Palabras y más palabras, páginas y más páginas narrando las virtudes y los defectos de un ser humano, evidenciando la dualidad de su naturaleza, predicando la intensión de mejora continua, sin perseguir mayor ambición que el ejercer el derecho de expresión.
Palabras escritas con el corazón, evidenciando el gusto y la pasión; palabras tímidas que evidencian el valor, que muchas veces pasan desapercibidas, pero siempre son testimonio de una lección, de un aprendizaje, de un momento único en la vida, cuya importancia será sólo para el que escribe y para el que se da la oportunidad de leer a un total desconocido, que igual predica en el desierto, pero que nunca dudaría del hecho de hacerlo, porque las palabras llegarán a quien deben llegarle en algún momento.
Cuando me pongo a leer algo de lo que he escrito y publicado durante casi treinta años, me quedo sorprendido de lo que encuentro en las palabras impresas, siempre descubro algo diferente, lo analizo con mayor madurez, pero siempre con humildad. Ayer llegó a mi Facebook un recuerdo del año 2016, se lo reenvíe a mi esposa, después de leerlo y para mi fortuna, ella con sinceridad y toda humildad comentó que en este momento le quedaba más claro lo que narraba en aquel escrito y me invitó a publicarlo de nuevo, así es que con el debido respeto, espero no me lo tomen a mal y lo lean con agrado.
Humildad y sabiduría
Me agrada atesorar palabras, sobre todo, aquellas que alimentan el espíritu; las fui recopilando desde que tuve uso de razón y aprendí a escribir.
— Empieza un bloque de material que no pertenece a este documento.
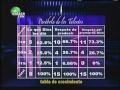 ¿ A quiénes Bendice Dios y dan fruto? PARTE1 - Pastor Cash Luna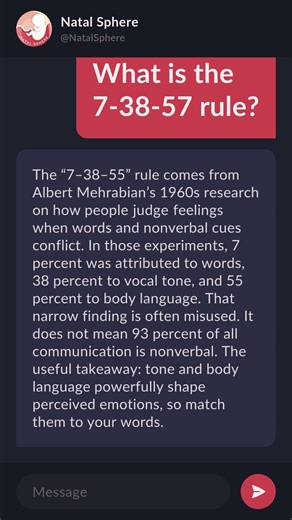 What is the 7-38-57 rule?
Maravillado, veía cómo de aquel pedazo de madera bien torneada, con centro de gafito compactado, al que tomaba entre los dedos índice y pulgar de mi mano derecha, salía una línea gris, a la que podía dar la forma que quisiera y prolongarla infinitamente hasta que el brazo y mis dedos se cansaran.
Desde mi niñez, supe que aquello a lo que los mayores llamaban escritura, era un verdadero tesoro, y más, porque estaba a mi alcance, al alcance de un niño al que le daban un lápiz para que se entretuviera, pero, más que un juego para mí, era una instrumento para describir todo aquello que le daba sentido a la vida, era pues, una manera de decirle al mundo, a mi pequeño mundo, al de la gente que me obsequiaba parte de su tiempo para cuidarme cuando era indefenso, para observarme detenidamente y evaluar mis avances o mis retrocesos, para ponerme un límite y descansar de hacer aquellas interminables líneas en el piso, en las paredes, en las puertas, en toda superficie a mi alcance.
Creo que mi forma de escribir nunca tuvo un estilo definido, mi madre nunca me dijo que fuera un artista; mi padre, no sólo me criticaba por plasmar aquellos murales amorfos sobre las paredes; me castigaba, y escondía aquella varita mágica con la cuál mi espíritu se deleitaba y evidenciaba la plena libertad de la que disfrutaba.
Muchas veces me pregunté, por qué no entendían mi forma de decirles que los amaba, que disfrutaba siendo niño; cuando el castigo fue más contundente, desparecieron mis lápices por una temporada, hasta que de nuevo, regresaron a mis manos, pero no para hacer lo que más me gustaba, sino para repetir todo aquello que un adulto nos enseñaba, al que por cierto, al principio, me negué rotundamente a complacerlo, pero que poco después dejé de hacerlo, porque me perdía del juego de premios y castigos.
Cuando por fin pude dominar la línea, gracias a aquel maestro de la escritura de mi infancia, comprendí, que mi pensamiento tenía dos lenguajes, el escrito y el hablado, y que de estos, el primero, al menos para mí, era más importante, porque podía comunicar, aquello que hablando no podía expresar con tanto detalle, con tanta seguridad, con tanta honestidad.
Hojas y hojas del libro de mi vida he escrito con mayor detalle, muchos de ellos lo he compartido con mis amables lectores, a través de tantos años; para algunos, mi escritura sigue siendo indescifrable, más, para los que ven con los ojos del alma y analizan con el corazón, todo resulta claro y razonable.